- DATA EXTRACT

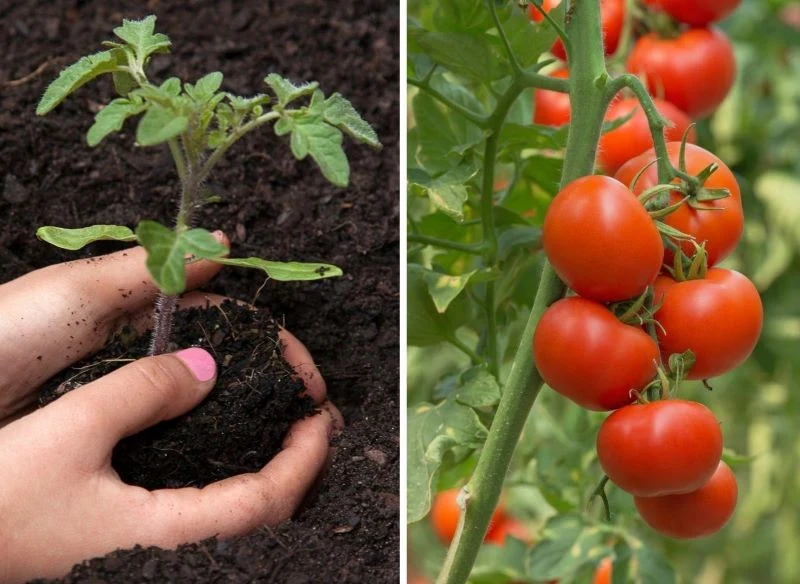 Przy odpowiednim odżywieniu krzaczki pomidora posadzone z niewielkiej sadzonki rozrosną się i wypuszczą dorodne owoce – nie potrzebują syntetycznyc...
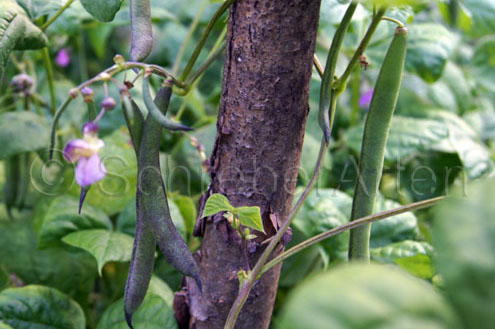 Violetta de Nicaragua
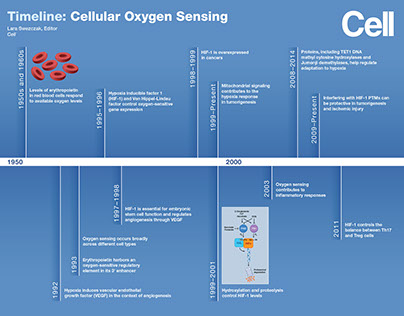 Timeline: Cellular Oxygen Sensing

- TASK PROMPT
Give back the full listing exactly, with pictures dropped.

- THE COMPLETED TASK
 Przy odpowiednim odżywieniu krzaczki pomidora posadzone z niewielkiej sadzonki rozrosną się i wypuszczą dorodne owoce – nie potrzebują syntetycznyc...
 Violetta de Nicaragua
 Timeline: Cellular Oxygen Sensing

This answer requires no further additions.